One of the most common practices in Software Engineering, when the mastery of the problem is complex, is the construction of a conceptual model. A conceptual model is the representation of the concepts and associations, typical of the real world, that we want to register through our software. For example, if we want to build software to record car rentals on a Kart’s circuit (and we don’t even know what Kart is), first, we should model the concepts involved (“Kart” and “User”) and how they relate among them (a User “reserves” a Kart, etc.). Once we understand the domain, we can program it.
What is a domain that every software engineer knows is incredibly complex? Well, nothing more and nothing less than the world of any of the software engineering technologies. What tool can we use to better understand this complex domain and be able to program? The meta-models.
What is a Meta-model?
Let’s imagine, for a moment, that we have to make software for a company that develops databases. Specifically, imagine that we are asked to implement software to help them detect problems in the designs of their SQL databases (such as foreign key cycles). What are the real world concepts that this company works with? Here we are no longer talking about “Users” or “Karts”, but about much more abstract classes such as “SQL Table” and “SQL Attribute”.

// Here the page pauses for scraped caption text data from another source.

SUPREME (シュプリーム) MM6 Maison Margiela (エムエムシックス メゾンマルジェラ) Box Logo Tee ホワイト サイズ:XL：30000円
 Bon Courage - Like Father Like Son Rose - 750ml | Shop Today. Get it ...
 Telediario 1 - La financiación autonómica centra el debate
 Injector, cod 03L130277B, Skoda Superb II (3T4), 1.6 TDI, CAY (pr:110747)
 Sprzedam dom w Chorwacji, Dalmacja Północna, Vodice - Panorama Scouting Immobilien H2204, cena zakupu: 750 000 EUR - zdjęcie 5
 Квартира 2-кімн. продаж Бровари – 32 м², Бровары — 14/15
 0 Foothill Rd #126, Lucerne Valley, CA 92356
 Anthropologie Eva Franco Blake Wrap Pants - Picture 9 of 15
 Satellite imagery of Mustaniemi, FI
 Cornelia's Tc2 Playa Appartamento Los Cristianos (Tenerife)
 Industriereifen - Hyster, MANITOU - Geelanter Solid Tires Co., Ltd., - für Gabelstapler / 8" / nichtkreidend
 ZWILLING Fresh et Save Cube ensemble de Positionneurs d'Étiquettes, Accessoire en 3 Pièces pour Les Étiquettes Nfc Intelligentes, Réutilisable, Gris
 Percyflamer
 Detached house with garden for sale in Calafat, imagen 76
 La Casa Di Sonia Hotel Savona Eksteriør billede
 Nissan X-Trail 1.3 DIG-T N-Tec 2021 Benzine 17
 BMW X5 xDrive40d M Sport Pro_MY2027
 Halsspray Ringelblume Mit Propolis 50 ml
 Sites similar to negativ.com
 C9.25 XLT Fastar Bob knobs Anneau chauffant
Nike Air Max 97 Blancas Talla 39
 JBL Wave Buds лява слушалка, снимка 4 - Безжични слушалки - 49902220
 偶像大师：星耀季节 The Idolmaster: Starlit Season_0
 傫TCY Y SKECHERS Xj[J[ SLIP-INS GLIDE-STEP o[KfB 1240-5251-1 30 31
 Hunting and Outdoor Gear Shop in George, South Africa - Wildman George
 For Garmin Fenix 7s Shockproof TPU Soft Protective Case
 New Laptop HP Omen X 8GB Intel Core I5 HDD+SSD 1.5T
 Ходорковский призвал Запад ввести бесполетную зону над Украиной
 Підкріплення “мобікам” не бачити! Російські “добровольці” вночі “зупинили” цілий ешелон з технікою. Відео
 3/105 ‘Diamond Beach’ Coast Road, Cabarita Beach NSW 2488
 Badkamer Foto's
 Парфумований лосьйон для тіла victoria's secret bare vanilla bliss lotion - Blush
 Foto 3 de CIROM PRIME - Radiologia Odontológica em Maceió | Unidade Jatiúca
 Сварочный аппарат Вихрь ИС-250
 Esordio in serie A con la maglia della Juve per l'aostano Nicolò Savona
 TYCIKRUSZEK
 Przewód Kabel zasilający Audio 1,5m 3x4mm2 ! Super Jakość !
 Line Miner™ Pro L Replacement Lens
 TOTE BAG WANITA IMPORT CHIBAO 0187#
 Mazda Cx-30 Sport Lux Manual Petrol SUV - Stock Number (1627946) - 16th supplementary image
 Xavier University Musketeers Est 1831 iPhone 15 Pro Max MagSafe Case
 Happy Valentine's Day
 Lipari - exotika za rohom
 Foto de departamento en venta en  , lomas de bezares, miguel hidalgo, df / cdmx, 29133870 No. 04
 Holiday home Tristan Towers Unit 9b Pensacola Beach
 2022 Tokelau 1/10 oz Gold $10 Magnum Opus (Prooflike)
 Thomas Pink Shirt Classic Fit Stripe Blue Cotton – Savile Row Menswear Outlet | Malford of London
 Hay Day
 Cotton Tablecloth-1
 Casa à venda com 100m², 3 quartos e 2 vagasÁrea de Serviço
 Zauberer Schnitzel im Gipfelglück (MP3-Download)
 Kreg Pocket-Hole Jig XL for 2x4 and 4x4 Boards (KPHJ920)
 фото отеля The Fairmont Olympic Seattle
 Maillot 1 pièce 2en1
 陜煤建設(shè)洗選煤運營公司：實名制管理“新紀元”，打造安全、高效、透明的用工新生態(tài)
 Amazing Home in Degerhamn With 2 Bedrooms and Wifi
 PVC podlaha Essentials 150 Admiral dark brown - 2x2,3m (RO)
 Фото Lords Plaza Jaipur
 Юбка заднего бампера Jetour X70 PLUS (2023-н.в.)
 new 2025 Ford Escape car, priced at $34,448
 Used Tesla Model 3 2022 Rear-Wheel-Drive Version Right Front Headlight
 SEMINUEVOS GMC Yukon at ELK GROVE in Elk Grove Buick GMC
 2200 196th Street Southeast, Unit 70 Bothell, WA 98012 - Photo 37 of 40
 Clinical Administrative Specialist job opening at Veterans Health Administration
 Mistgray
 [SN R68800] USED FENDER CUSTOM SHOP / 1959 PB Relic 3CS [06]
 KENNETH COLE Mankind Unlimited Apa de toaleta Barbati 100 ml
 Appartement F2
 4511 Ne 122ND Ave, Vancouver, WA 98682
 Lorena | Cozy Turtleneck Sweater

A meta-model is a representation of another model. For example, the following figure is a snippet of an SQL meta-model:
An instance of this meta-model would be an SQL schema. For example, an instance of “SQLTable” could be the SQL table “User” (with which we store users in the database).
From here, the problem of detecting foreign key cycles becomes a problem of traversing the meta-model associations. In fact, any problem analyzing code in a language (such as SQL or Java) can become a problem for traversing your meta-model.
Com es poden dur a la pràctica els meta-models?
Well, it’s very easy, you only need two things:
- An implementation of the meta-model itself. That is, an implementation of their classes and associations
- A component responsible for instantiating the meta-model.
Following the example of SQL, we could implement, in Java, the classes of the previous meta-model (SQLTable classes, SQLAttribute, etc). Moreover, we could implement a parser, in Java, that reads “CREATE TABLE …” statements to instantiate the tables, attributes, and foreign keys (described in the statement) as objects of the previous meta-model. From there, finding foreign key cycles becomes a problem of navigating our Java instances (which represent SQL concepts).
Note that when representing SQL concepts as Java classes, we have all the power of object orientation to make code extensible, maintainable, and reusable. In fact, you could reuse and extend the previous metamodel to make things more interesting (for example, rearrange “INSERT INTO …” instructions on different tables so as not to violate foreign keys, or detect the spread of DELETE_ON_CASCADE between different tables, etc.) .
But none of this is limited to SQL. Similarly, we could do a JS parser in Java (or vice versa), to detect problems, patterns, or extract any information imaginable (in code). We can even make an analyzer of a language … in the language itself!